What God Says About Israel’s Permanent Right to the Land
The PLO Charter declares the establishment of Israel to be “fundamentally null and void.” The Word of God declares the opposite. The covenant God made with Abraham — “To your descendants I give this land, from the river of Egypt to the great river, the Euphrates” (Genesis 15:18) — has not been revoked, amended, or superseded by any subsequent event, any political document, or any vote of any international body. The prophet Jeremiah records God’s own words: “Only if these decrees vanish from my sight, declares the Lord, will Israel ever cease being a nation before me” (Jeremiah 31:36). The decrees have not vanished.

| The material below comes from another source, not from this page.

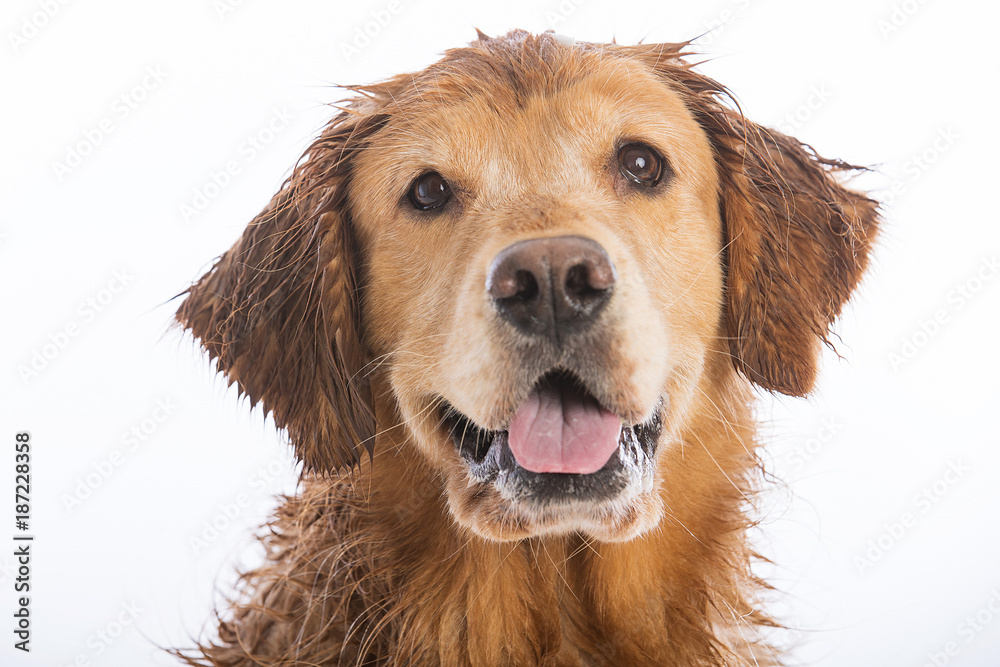 Obraz premium Happy Golden Retriever Dog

Israel has not ceased.
The PLO charter and the covenant of God make the same foundational claim over the same piece of land, and they are irreconcilable. One says the Jewish state is null and void. The other says the Jewish state is God’s everlasting gift to His people, confirmed to a thousand generations. The Christian who stands with Israel does not stand on shifting political ground. He stands on the eternal Word of the God who cannot lie, who does not revoke His promises, and who has demonstrated, in the very existence of the modern State of Israel against every historical probability, that His purposes for His people and His land remain in force. The nations may plot. The charters may be written. But God has the final word — and He has been speaking it every day since May 14, 1948.